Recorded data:
--*--
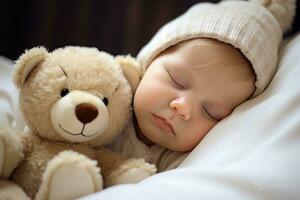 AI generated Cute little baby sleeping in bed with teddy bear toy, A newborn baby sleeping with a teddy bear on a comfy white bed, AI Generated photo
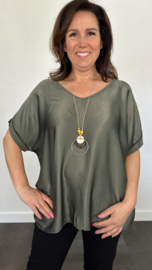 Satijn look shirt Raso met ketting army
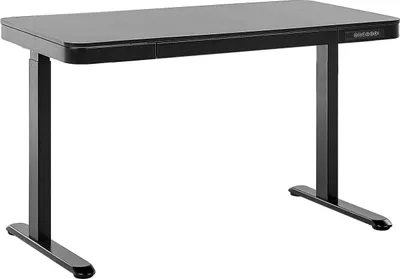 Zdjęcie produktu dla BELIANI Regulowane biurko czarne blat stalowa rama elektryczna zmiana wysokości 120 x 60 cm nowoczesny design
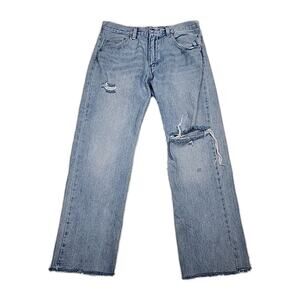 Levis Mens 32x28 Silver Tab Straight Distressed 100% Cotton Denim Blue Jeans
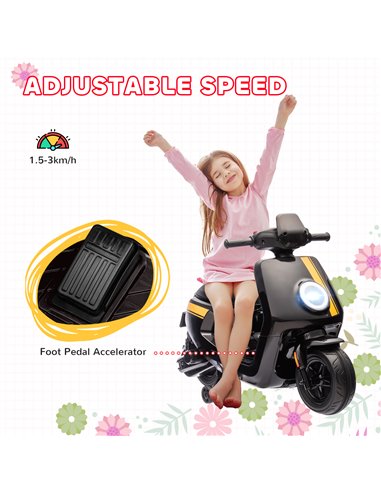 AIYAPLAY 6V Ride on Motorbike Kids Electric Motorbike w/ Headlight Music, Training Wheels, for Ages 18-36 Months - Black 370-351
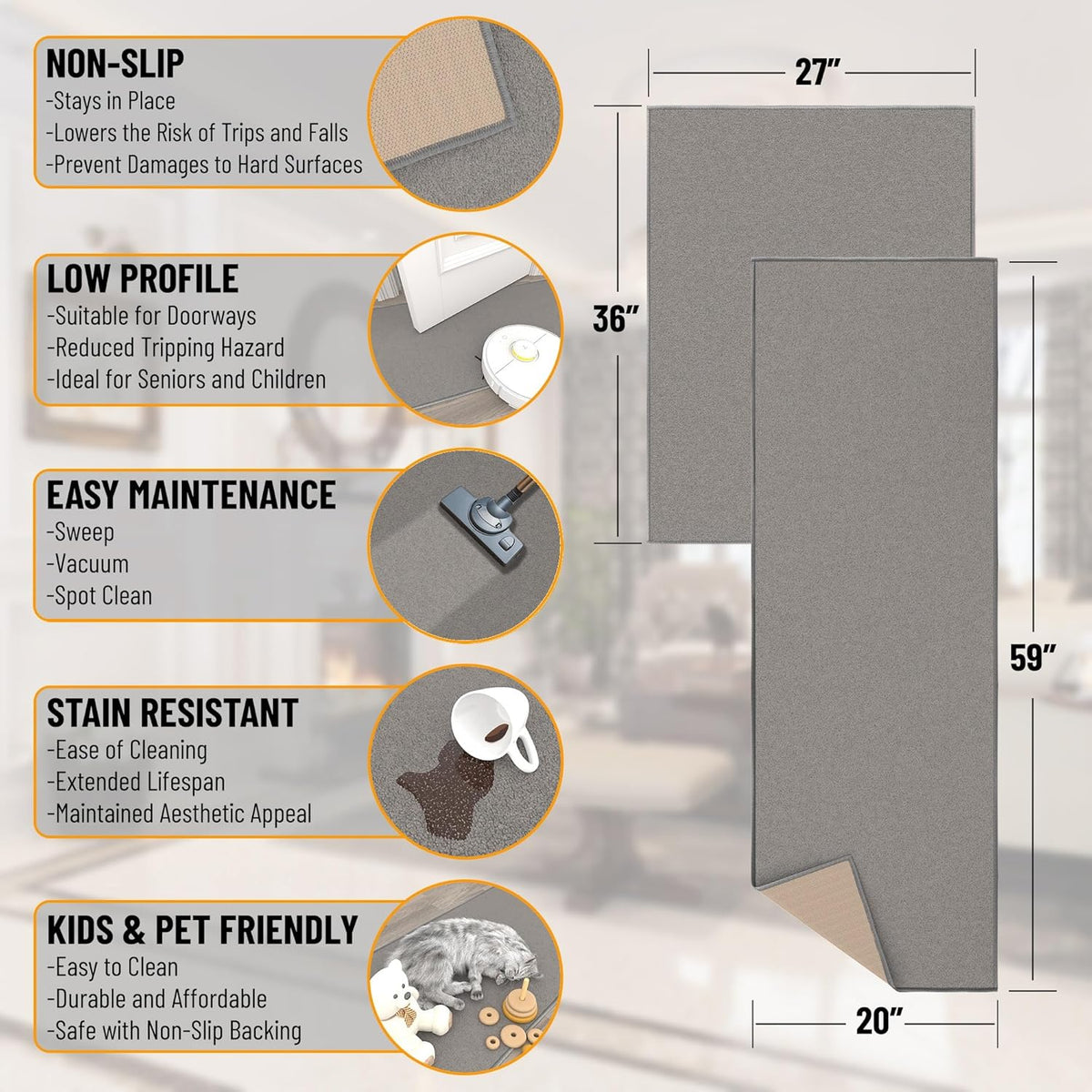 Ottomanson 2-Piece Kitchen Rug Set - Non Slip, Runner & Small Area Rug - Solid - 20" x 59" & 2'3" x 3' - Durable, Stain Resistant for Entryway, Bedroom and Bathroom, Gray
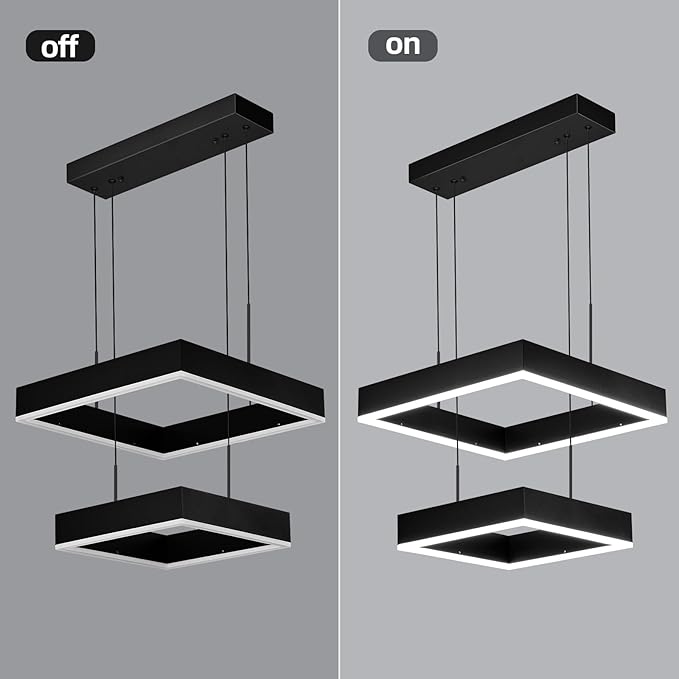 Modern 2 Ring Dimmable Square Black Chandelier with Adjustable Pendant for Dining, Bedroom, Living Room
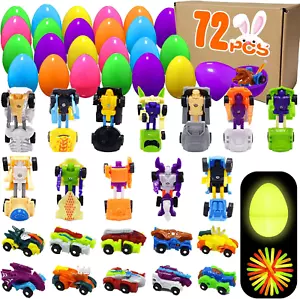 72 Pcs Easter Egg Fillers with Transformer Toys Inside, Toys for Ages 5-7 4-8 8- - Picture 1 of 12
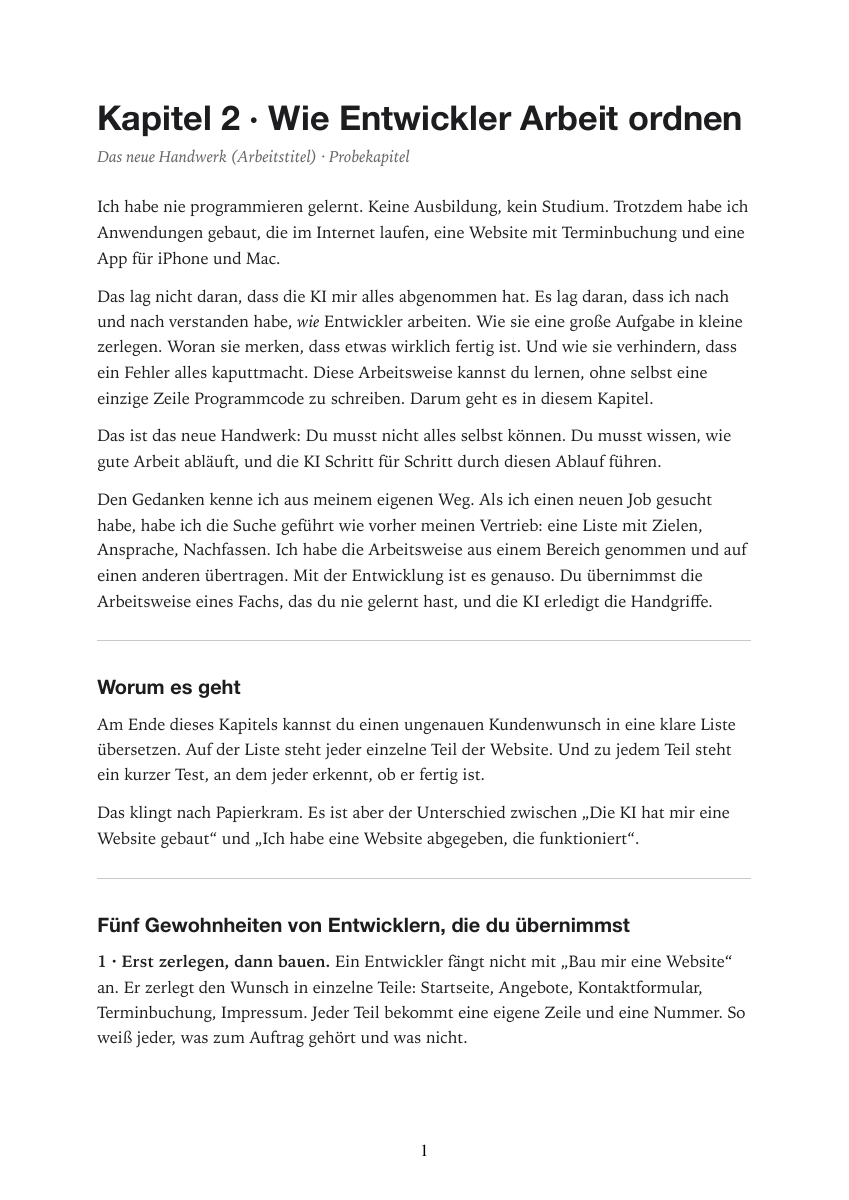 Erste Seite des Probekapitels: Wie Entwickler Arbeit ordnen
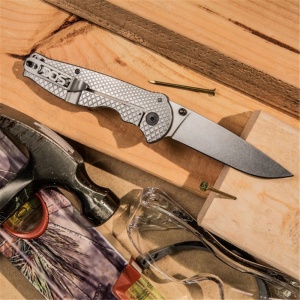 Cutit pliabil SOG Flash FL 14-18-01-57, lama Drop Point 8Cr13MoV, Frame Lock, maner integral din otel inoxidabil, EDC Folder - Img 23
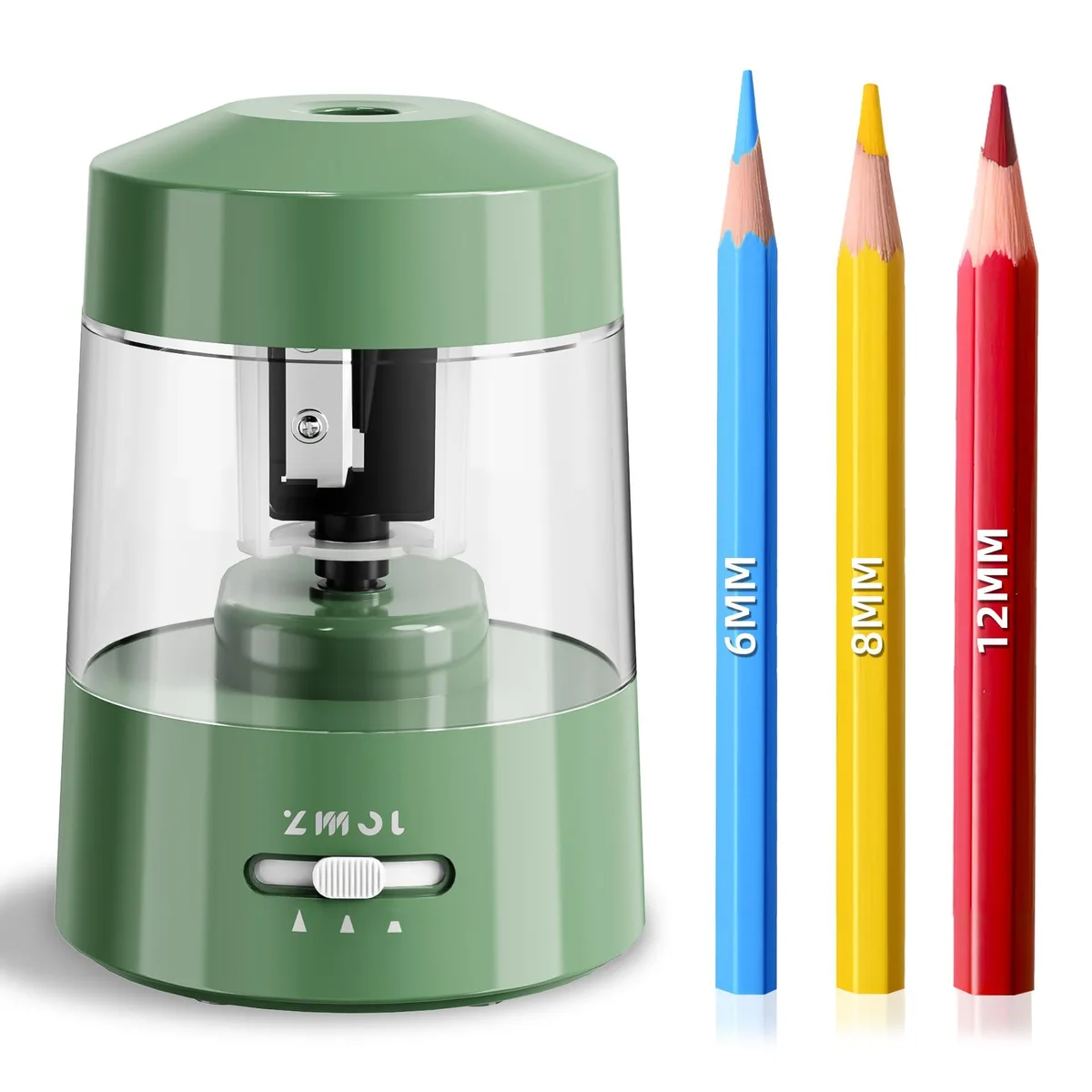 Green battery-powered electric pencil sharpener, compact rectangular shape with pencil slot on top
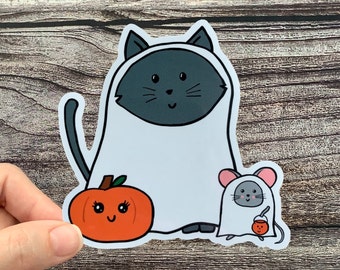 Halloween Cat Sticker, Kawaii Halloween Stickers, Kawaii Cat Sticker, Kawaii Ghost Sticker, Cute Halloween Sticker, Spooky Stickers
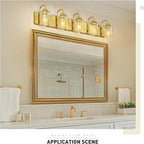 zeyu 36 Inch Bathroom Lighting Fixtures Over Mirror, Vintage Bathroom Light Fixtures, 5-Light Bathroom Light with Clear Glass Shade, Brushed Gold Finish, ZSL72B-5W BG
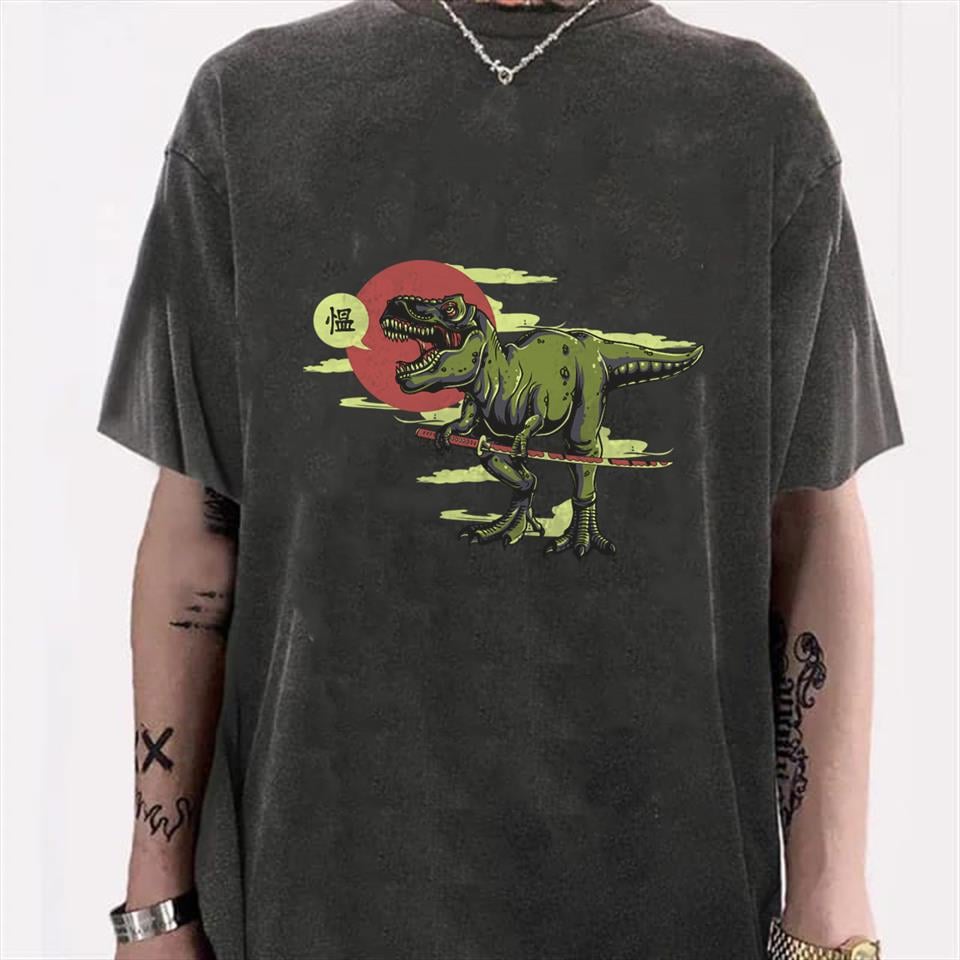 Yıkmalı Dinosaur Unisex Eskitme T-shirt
--*--
=== DIRECTIONS ===
Quote only the lines that start at the line holding "Halloween Cat Sticker, Kawaii" and end at the last line of the entries, including both of those lines, and omit every picture.

=== RESPONSE TO THE TASK ===
 Halloween Cat Sticker, Kawaii Halloween Stickers, Kawaii Cat Sticker, Kawaii Ghost Sticker, Cute Halloween Sticker, Spooky Stickers
 zeyu 36 Inch Bathroom Lighting Fixtures Over Mirror, Vintage Bathroom Light Fixtures, 5-Light Bathroom Light with Clear Glass Shade, Brushed Gold Finish, ZSL72B-5W BG
 Yıkmalı Dinosaur Unisex Eskitme T-shirt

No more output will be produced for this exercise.